1000 to zero!
That's roughly the ratio of recent (post-Great Recession) calls from all kinds of prominent people for significant change of our economic-political system to new, practical programs to make those changes happen. That’s too bad, but when we have an increasingly dysfunctional society for most of us and a very long history of disappointments, it’s understandable that new ideas are rare. Some people are still proposing tweaks to the system like simplifying voter registration rules, increasing the minimum wage, repealing the Supreme Court’s “Citizens United” decision which cut down most limits on campaign contributions, and other rather wimpy and ultimately futile ideas. You can’t, one might say, give vitamins to a cancer patient and expect a recovery. The agenda of the hyper-active Tea Party, essentially, is to stonewall policymaking and to tear down the government to spite parties unlike themselves who may or may not be really responsible for their frustrations. They seem not to have thought out clearly the consequences to other citizens, to the United States’s financial credibility, and even to themselves of this willfully destructive approach, as weakening the government further will leave the elite class to completely dominate.

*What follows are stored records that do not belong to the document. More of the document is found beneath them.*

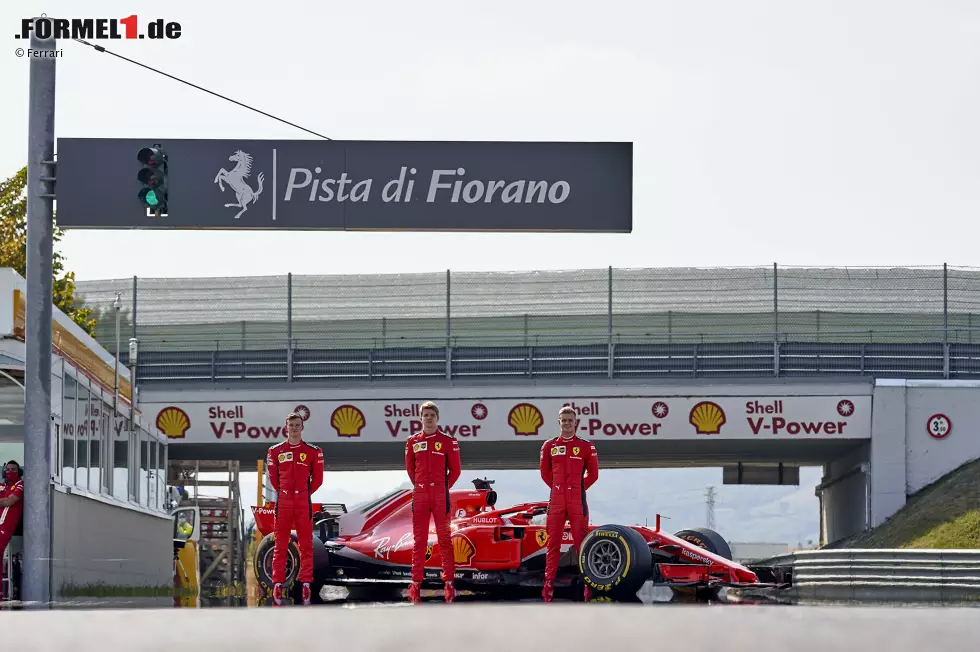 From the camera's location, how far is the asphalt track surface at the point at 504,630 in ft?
16.2

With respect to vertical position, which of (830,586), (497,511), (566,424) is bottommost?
(830,586)

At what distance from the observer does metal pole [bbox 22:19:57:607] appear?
1340 cm

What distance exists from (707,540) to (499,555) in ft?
10.8

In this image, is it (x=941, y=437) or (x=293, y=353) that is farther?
(x=293, y=353)

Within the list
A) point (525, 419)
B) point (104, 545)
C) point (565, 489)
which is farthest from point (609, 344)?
point (565, 489)

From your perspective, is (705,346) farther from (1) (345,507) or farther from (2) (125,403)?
(2) (125,403)

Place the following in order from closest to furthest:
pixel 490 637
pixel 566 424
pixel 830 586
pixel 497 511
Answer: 1. pixel 490 637
2. pixel 566 424
3. pixel 497 511
4. pixel 830 586

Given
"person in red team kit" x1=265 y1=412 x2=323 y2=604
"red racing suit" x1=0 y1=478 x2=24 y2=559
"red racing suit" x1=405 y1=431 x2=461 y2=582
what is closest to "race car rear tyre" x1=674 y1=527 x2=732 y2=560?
"red racing suit" x1=405 y1=431 x2=461 y2=582

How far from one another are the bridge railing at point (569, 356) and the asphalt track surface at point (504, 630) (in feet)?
89.1

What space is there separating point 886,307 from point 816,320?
1.63 meters

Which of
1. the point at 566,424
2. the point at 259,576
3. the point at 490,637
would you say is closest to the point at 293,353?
the point at 259,576

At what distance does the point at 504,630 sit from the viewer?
5273 mm

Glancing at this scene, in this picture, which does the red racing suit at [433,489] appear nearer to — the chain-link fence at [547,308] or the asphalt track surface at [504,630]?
the asphalt track surface at [504,630]

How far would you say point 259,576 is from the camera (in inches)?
594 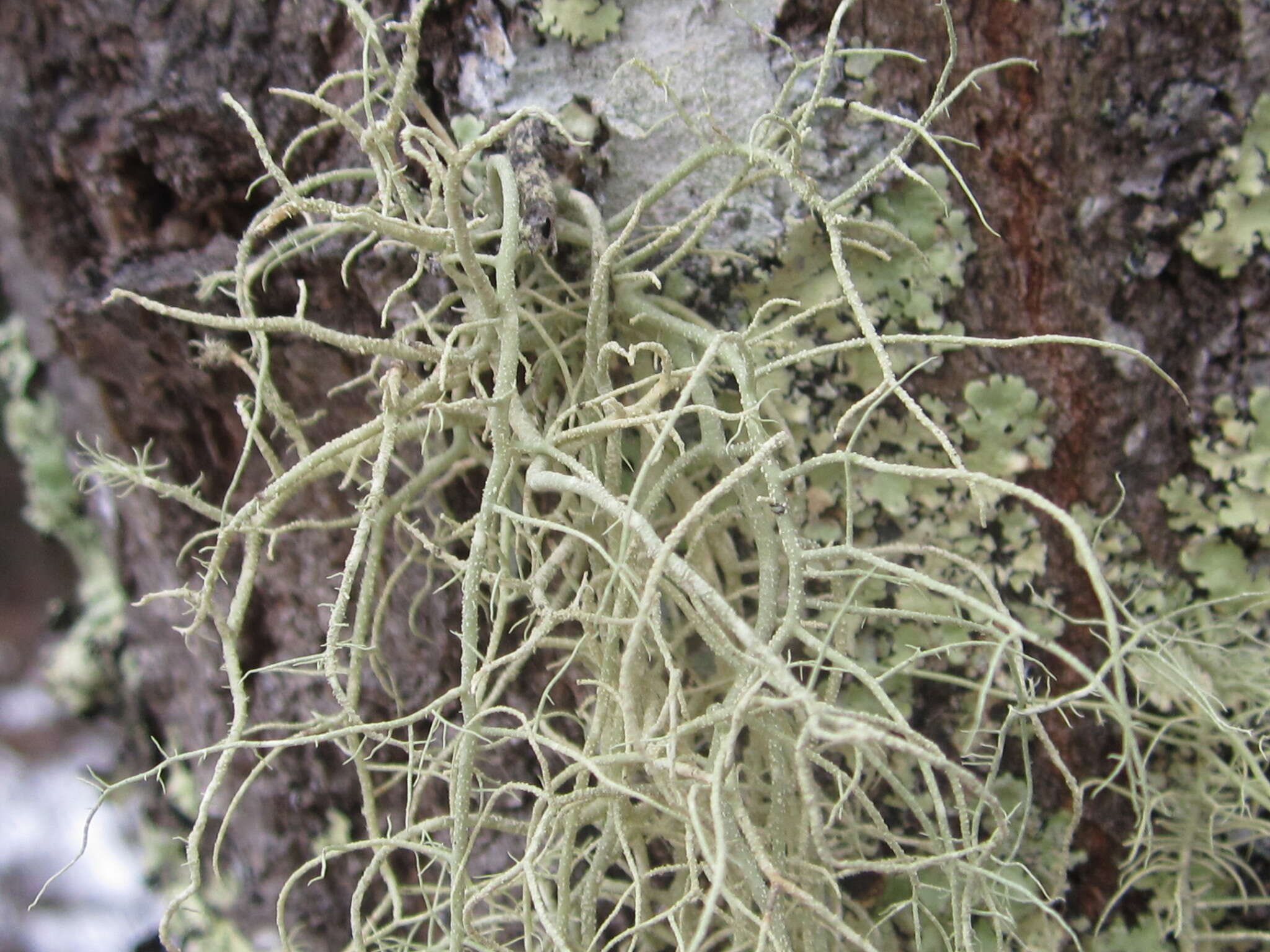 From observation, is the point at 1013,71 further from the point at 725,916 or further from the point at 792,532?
the point at 725,916

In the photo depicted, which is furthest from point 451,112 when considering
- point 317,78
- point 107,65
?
point 107,65

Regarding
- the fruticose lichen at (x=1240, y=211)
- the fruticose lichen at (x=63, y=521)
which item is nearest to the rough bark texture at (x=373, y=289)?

Most people wanting significant change don't know if anything can be done. Positioned as they are in an unbalanced, inhumane, and disrespectful environment where they see themselves as mostly helpless they look at our present state of affairs as:
-“Could be worse.”
-“It's God's way.”
-“I'll be rewarded in heaven.”
-“I don't even want to think about it!”
-"Maybe our children will come up with something better."
- “Well, what can you do?”
That's what The Action Manual is about--a comprehensive vision and practical plan to fix the system for the benefit of most people and advancing the country into a 21st-Century nation.